In 1969, the same year that Apollo 9 safely returned to Earth after its manned mission to the moon, in the field of computer science, the first "Request for Comment" note, RFC 1, was published (Wikipedia Writers and Editors, 2018). While the structured science of computers was arguably in its infancy, the British logician Tony Hoare developed a way to use logic to check for correctness of a computer program that very year (Wikipedia Writers and Editors, January 2019). This remarkable achievement, I think, however, was overshadowed my his even greater achievements in the field, such as the development of quicksort in 1960.

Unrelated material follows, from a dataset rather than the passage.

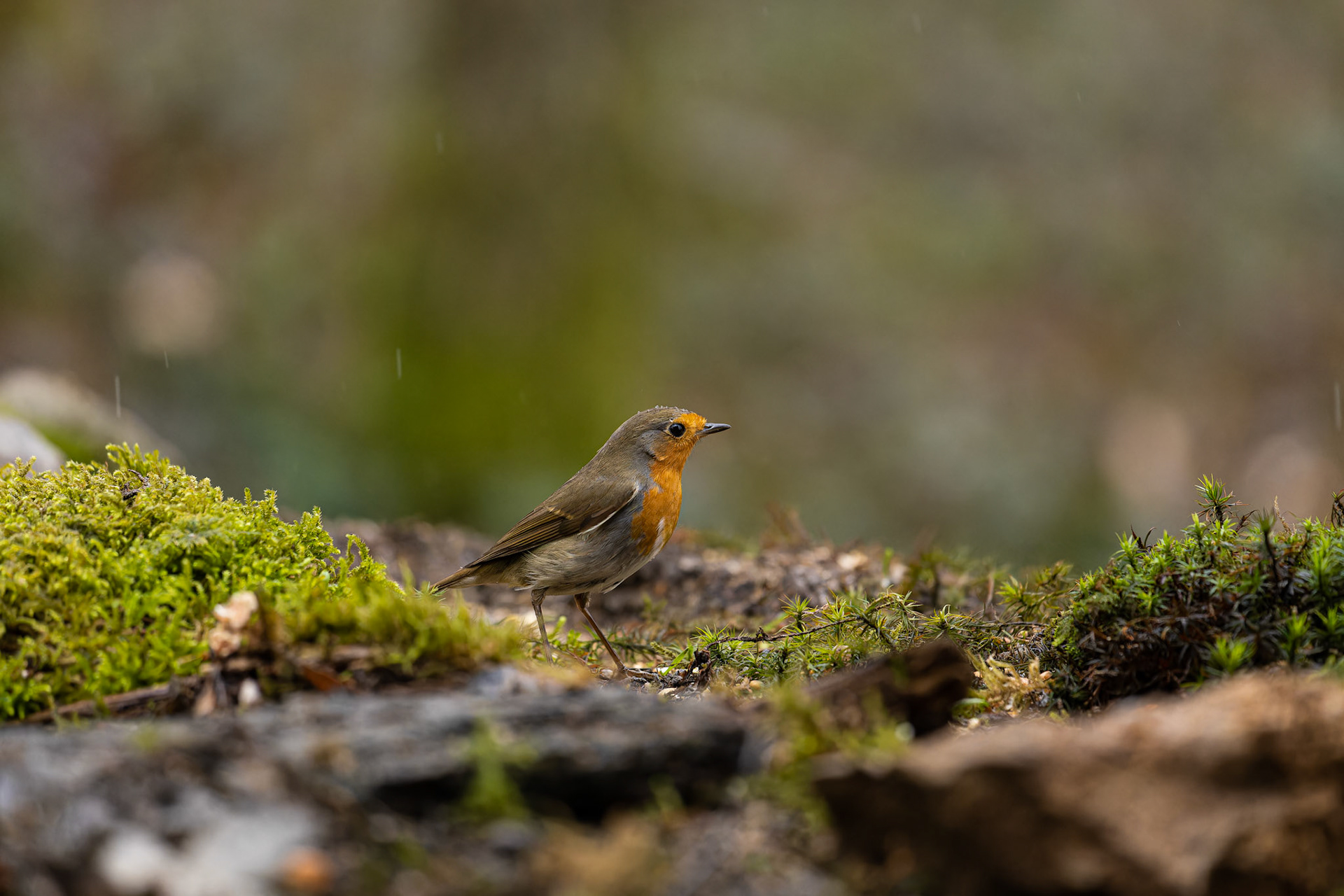 Rouge-gorge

Last year, I've taught myself logic to see if I just liked the subject at all, and I pretty much did! Deciding to push myself into the field of both mathematics and computer science, I've observed the everyday environment around me for any application of logic in any form. And I've come to an entertaining thought in the bathroom, while I was thinking in the still water of the bathtub:
Premise 1: \(A\to B\)
Premise 2: \(A\)
I could interpret this as there being a computer program called \(A\to B\) that, if I put \(A\) into it, it rewrites it into \(B\), and passes over to the rest of the control flow (program) if the input wasn't \(A\). While it might be deficient to call this a "function" of any kind, I do want to take the frequent "black-box" metaphor and call that a machine. Then, it is a rewriting machine, a one-direction substitution machine, and it's an if-then statement.
Someone might think further and think of relating all the logical things onto the programming world (which would be interesting). Conversely, they could implant those "while" and "do-while" kinds of statements onto logic. I do not think it is mere coincidence (or that we should leave it as coincidence) that a natural-deduction proof and a computer program may often look similar in form.
I'm thinking that, to do something like a while loop, I'd need to keep track of the truth values of those statements that I'm having. But specifics aside, I hope I might be able to come up with certain generalization about those statements, and use it for my own gain if I delved into the programming profession.
Taking this idea further, I might, in the future, study Hoare Logic, if me and some group of people are willing to invest in the subject, create problems and maintain wiki pages, for this potentially applicable and exciting idea: Hoare Logic, proposed first by the British logician Tony Hoare in 1969, was "a formal system with a set of logical rules for reasoning rigorously about the correctness of computer programs" (Wikipedia Writers and Editors, February 2019). The Wikipedia entry is extensive, but I believe certain many people here on Brilliant would be definitely interested in integrating symbolic logic into computer science in one of the most necessary steps of practical problem-solving: Checking your work (code). The humanly effort of reorganizing our knowledge of said Logic would till the fertile soil of an idea which had stood at the spotlight for nearly half a century, and some youths would benefit from it when they realize that there is a connection between logic and programming, and perhaps, they might be the same thing.
Yet, before further study, I want to refrain from talking about the topic because I don't want to be a crackpot.
Good night, -YuJin
Wikipedia Writers and Editors, "Hoare logic." Wikipedia. 12 Feb 2019. Web. Retrieved 18 Feb 2019.
Wikipedia Writers and Editors, "1969 in science." Wikipedia. 4 Dec 2018. Web. Retrieved 18 Feb 2019.
Wikipedia Writers and Editors, "Tony Hoare." Wikipedia. 28 Jan 2019. Web. Retrieved 18 Feb 2019.